Simplistic painter painting a colourful scenery

The two-faced value of art – why AI will never beat humans

As an AI Engineer, I absolutely love how far Generative AI has come; how incredibly beautiful some artworks purely generated by AI can be. However, I will take a stance against AI in favour of the art community. Why? Because, as a visual artist too, I feel like people are overlapping two notions of art that really should be kept separate. Allow me to explain.

Two faces of art

Art is all about how it makes you feel. But what aspect of art does this – what makes you feel something? The way I see it, art is valued based on two faces: there is value in the visible aspect of art, but also in the invisible part of it. And this is where it gets tricky.

The visible

An AI-generated artwork I like to call: “Serenity”. Generated by DALL·E 3; no cherry-picking.

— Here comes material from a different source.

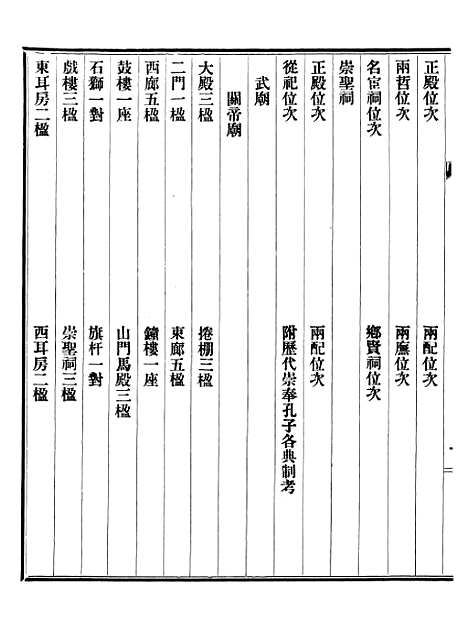 【义县志】五 - 赵兴德.pdf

One face is all about what you see. What the imagery sparks inside of you. You may see a lovely serene painting of a creek in the woods, and you may feel a sense of wanderlust. You could almost imagine yourself being transported to this location. You start to hear birds chirping, you remember the smell of wet grass, you may start to feel the nature that is depicted. You might even feel more calm, almost forgetting about your deadlines up until now. As you can see on the right, this is what AI gets very much right: the visible aspect of this artwork made by AI is wonderful – let’s not let our angst of AI get in the way of appreciating how such imagery can make us feel. This art of pixels is still very much real and true.

The invisible

The other face of art – an arguably larger aspect of it – is the invisible part. This is the part that some of us tend to forget when we talk about art and AI. It is that, which fully answers the question: “how did this artwork come to be?”.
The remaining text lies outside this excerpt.